ASSIGNMENT - Even if a line seems odd, print it as it is, and include every record.

-=-=-=-=-

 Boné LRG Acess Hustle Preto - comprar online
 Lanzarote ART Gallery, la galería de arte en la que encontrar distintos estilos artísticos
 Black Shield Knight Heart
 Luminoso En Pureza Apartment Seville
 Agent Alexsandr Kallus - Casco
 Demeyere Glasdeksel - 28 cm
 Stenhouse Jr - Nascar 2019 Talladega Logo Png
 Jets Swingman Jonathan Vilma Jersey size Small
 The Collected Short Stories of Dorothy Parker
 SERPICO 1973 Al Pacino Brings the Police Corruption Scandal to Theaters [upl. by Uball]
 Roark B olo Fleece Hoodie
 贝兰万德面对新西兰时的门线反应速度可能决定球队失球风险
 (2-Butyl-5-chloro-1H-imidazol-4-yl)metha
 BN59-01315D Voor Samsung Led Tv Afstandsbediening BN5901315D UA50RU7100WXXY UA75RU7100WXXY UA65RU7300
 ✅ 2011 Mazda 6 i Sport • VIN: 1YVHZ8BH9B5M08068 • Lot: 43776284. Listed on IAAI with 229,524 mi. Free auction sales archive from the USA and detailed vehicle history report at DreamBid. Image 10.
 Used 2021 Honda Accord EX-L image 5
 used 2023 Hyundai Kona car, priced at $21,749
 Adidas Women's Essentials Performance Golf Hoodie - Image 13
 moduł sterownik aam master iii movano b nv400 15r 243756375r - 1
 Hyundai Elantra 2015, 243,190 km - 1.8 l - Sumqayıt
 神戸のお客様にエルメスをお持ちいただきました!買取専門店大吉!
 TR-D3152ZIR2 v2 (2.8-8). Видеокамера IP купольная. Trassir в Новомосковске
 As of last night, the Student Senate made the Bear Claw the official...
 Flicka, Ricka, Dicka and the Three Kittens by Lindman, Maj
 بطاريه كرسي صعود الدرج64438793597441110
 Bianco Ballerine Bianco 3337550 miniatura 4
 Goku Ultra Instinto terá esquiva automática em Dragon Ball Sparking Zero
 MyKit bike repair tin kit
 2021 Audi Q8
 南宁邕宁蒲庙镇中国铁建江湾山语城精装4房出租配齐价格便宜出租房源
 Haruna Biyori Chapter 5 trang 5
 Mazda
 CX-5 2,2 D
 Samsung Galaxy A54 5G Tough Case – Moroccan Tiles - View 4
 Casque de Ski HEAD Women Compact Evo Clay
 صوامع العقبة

-=-=-=-=-

ANSWER TO THE PROBLEM -
 Boné LRG Acess Hustle Preto - comprar online
 Lanzarote ART Gallery, la galería de arte en la que encontrar distintos estilos artísticos
 Black Shield Knight Heart
 Luminoso En Pureza Apartment Seville
 Agent Alexsandr Kallus - Casco
 Demeyere Glasdeksel - 28 cm
 Stenhouse Jr - Nascar 2019 Talladega Logo Png
 Jets Swingman Jonathan Vilma Jersey size Small
 The Collected Short Stories of Dorothy Parker
 SERPICO 1973 Al Pacino Brings the Police Corruption Scandal to Theaters [upl. by Uball]
 Roark B olo Fleece Hoodie
 贝兰万德面对新西兰时的门线反应速度可能决定球队失球风险
 (2-Butyl-5-chloro-1H-imidazol-4-yl)metha
 BN59-01315D Voor Samsung Led Tv Afstandsbediening BN5901315D UA50RU7100WXXY UA75RU7100WXXY UA65RU7300
 ✅ 2011 Mazda 6 i Sport • VIN: 1YVHZ8BH9B5M08068 • Lot: 43776284. Listed on IAAI with 229,524 mi. Free auction sales archive from the USA and detailed vehicle history report at DreamBid. Image 10.
 Used 2021 Honda Accord EX-L image 5
 used 2023 Hyundai Kona car, priced at $21,749
 Adidas Women's Essentials Performance Golf Hoodie - Image 13
 moduł sterownik aam master iii movano b nv400 15r 243756375r - 1
 Hyundai Elantra 2015, 243,190 km - 1.8 l - Sumqayıt
 神戸のお客様にエルメスをお持ちいただきました!買取専門店大吉!
 TR-D3152ZIR2 v2 (2.8-8). Видеокамера IP купольная. Trassir в Новомосковске
 As of last night, the Student Senate made the Bear Claw the official...
 Flicka, Ricka, Dicka and the Three Kittens by Lindman, Maj
 بطاريه كرسي صعود الدرج64438793597441110
 Bianco Ballerine Bianco 3337550 miniatura 4
 Goku Ultra Instinto terá esquiva automática em Dragon Ball Sparking Zero
 MyKit bike repair tin kit
 2021 Audi Q8
 南宁邕宁蒲庙镇中国铁建江湾山语城精装4房出租配齐价格便宜出租房源
 Haruna Biyori Chapter 5 trang 5
 Mazda
 CX-5 2,2 D
 Samsung Galaxy A54 5G Tough Case – Moroccan Tiles - View 4
 Casque de Ski HEAD Women Compact Evo Clay
 صوامع العقبة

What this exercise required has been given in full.